En esta sociedad exhibicionista, de búsqueda de la atención a cualquier precio, la mayoría de los individuos que realizan actividades lúdicas que son peligrosas, lo hacen para significarse, para desbordar ese anonimato con el que todos venimos al mundo. No hay pasión en su temeridad, solo exhibicionismo

Salvo que tenga un lapsus de memoria, y es posible, porque han pasado muchos años, nunca supe quién era ese piloto y no recuerdo haber vuelto a ver la frase en ninguna foto o documento gráfico. He buscado en Internet, pero no he encontrado referencias. Lo cual era de esperar porque el episodio es de mediados de los 80. Sospecho que el piloto en cuestión tampoco llegó muy lejos, de lo contrario “Only a Man” habría dado lugar a un lucrativo merchandising (y perdón por el anglicismo) que lo habría reproducido mil veces. Pero, precisamente, por no haber trascendido, por no haberse convertido en un producto de gran consumo, en un slogan comercial, aquel “Only a Man” (“sólo un hombre”) me resulta tan evocador. Durante años lo he tenido en la cabeza. Y, con el paso el paso del tiempo, lo he ido dotando de sentido.

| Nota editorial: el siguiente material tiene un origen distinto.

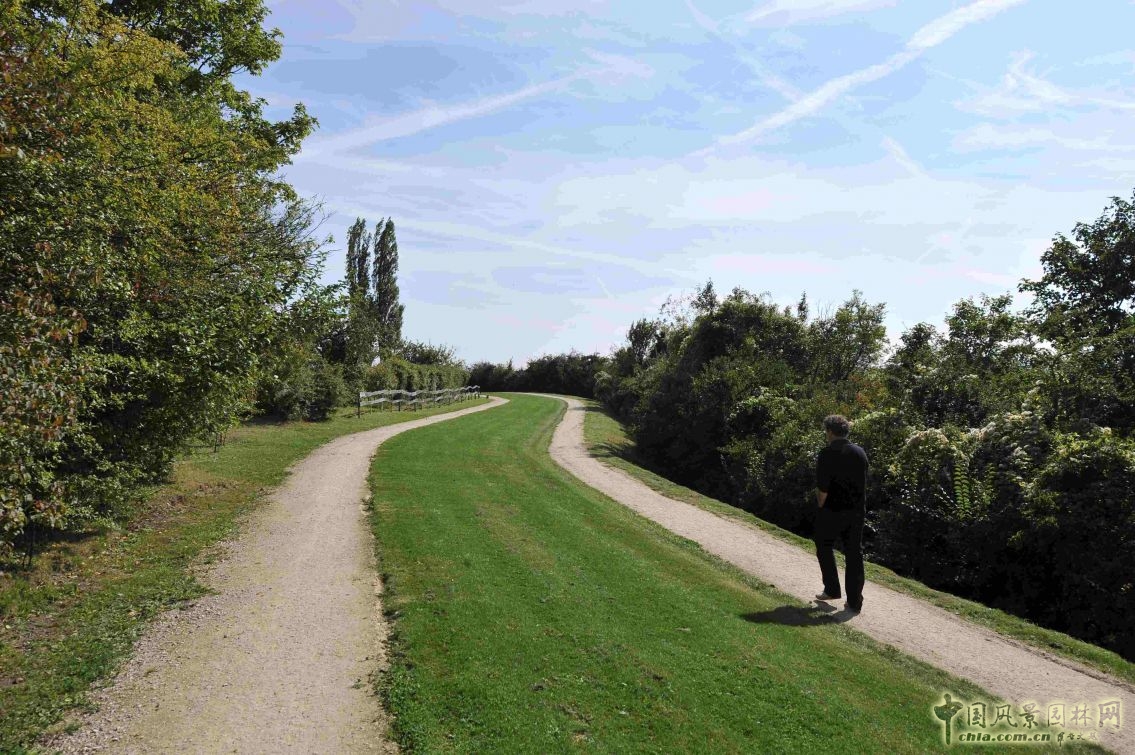 杜伊斯水渠步行道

Si usted, querido lector, es muy aficionado al fútbol, no se moleste por lo que voy a decir, porque, más allá de ver partidos muy señalados, no entiendo demasiado del llamado deporte rey. Pero, para mí, el fútbol es más un juego que un deporte. Y me explico. No digo que los jugadores de fútbol no sean deportistas. Al contrario, deben tener y de hecho tienen una preparación física envidiable. Son verdaderos atletas que se vacían en el campo. En ese aspecto, el fútbol cumple con creces como deporte.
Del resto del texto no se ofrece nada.